How to get better time complexity of N queens validator

Question

How can we lower the time complexity of this solution of NxN queens matrix validator? I have this solution while I check every row and every column and every diagonal of the matrix. If every row and column has exactly 1 queen, and the matrix has no more than 1 queen the output is true.
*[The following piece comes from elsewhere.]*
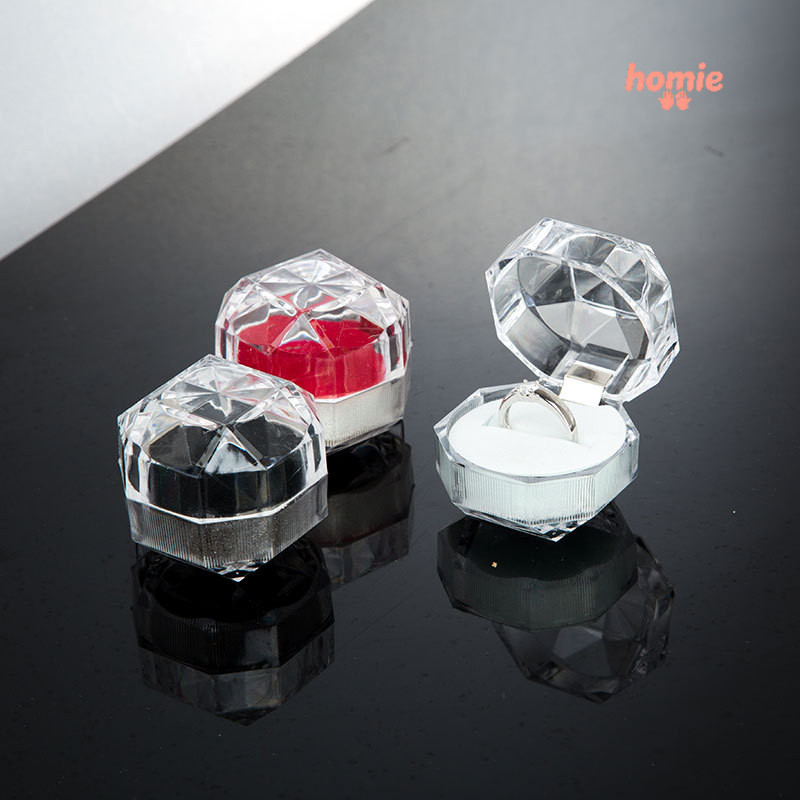 ✨Homie✨ Hộp đựng lơ bida, hộp đựng nhẫn, chất liệu acrylic trong suốt 3,5cm x 3,5cm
This solution works but I think it's brute force.

   public static boolean solveMatrix(int[][] matrix) {

        int row, col;
        int rowCount = matrix.length;
        int columnCount = matrix[0].length;
        int counter = 0;

        // Checking if there is 1 queen per row
        for (int i = 0; i < 8; i++) {
            counter = 0;
            for (int j = 0; j < 8; j++) {

                if (matrix[i][j] == 1) {

                    counter++;
                }

            }
            if (counter != 1) {

                return false;
            }

        }
// Checking if there is 1 queen per column
        for (int i = 0; i < 8; i++) {
            counter = 0;
            for (int j = 0; j < 8; j++) {

                if (matrix[j][i] == 1) {

                    counter++;
                }

            }
            if (counter != 1) {

                return false;
            }

        }
        // Checking first side diagonals
        for (int k = 0; k < rowCount; k++) {
            counter = 0;
            for (row = k, col = 0; row >= 0 && col < columnCount; row--, col++) {
                if (matrix[row][col] == 1) {
                    counter++;
                }
            }
            if (counter > 1) {
                return false;
            }
        }
    // Checking first side diagonals
        for (int k = 1; k < columnCount; k++) {
            counter = 0;
            for (row = rowCount - 1, col = k; row >= 0 && col < columnCount; row--, col++) {
                if (matrix[row][col] == 1) {
                    counter++;
                }
            }
            if (counter > 1) {
                return false;
            }
        }
        // Checking second side diagonals
        for (int k = rowCount - 1; k >= 0; k--) {
            counter = 0;
            for (row = k, col = columnCount - 1; row >= 0 && col >= 0; row--, col--) {

                if (matrix[row][col] == 1) {
                    counter++;
                }

            }
            if (counter > 1) {
                return false;
            }
        }
// Checking second side diagonals
        for (int k = rowCount - 1; k >= 0; k--) {
            counter = 0;
            for (row = k, col = columnCount - 1; row >= 0 && col >= 0; row--, col--) {

                if (matrix[row][col] == 1) {
                    counter++;
                }

            }
            if (counter > 1) {
                return false;
            }
        }

        return true;

    }

Answer 1

You need to use 4 hashmaps, one for columns, one for rows, one for left to right diagonals, and one for right to left diagonals.

Now, do just one nested loop for rows and columns. When you find a queen do the following 4 steps:

1. Check if at that row index there is a queen in the row hashmap. If not, add the row index. If there is already one, return false.
2. Check if at that col index there is a queen in the col hashmap. If not, add the col index. If there is already one, return false.
3. Check if at that left to right diagonal, there is one queen in the left to right diagonal hashmap and act accordingly. Note that for each left to right diagonal rowIndex-columnIndex is always the same.
4. Check if at that right to left diagonal, there is one queen in the right to left diagonal hashmap and act accordingly. Note that for each right to left diagonal rowIndex+columnIndex is always the same.

If you successfully completed the above nested loop, it means that the board is valid. Return true.

This algorithm runs in O(n^2) where n is the length of one side of the square matrix.

It has a linear space complexity in the length of the side of the matrix n, since we are using 4 hashmaps with each n elements at most.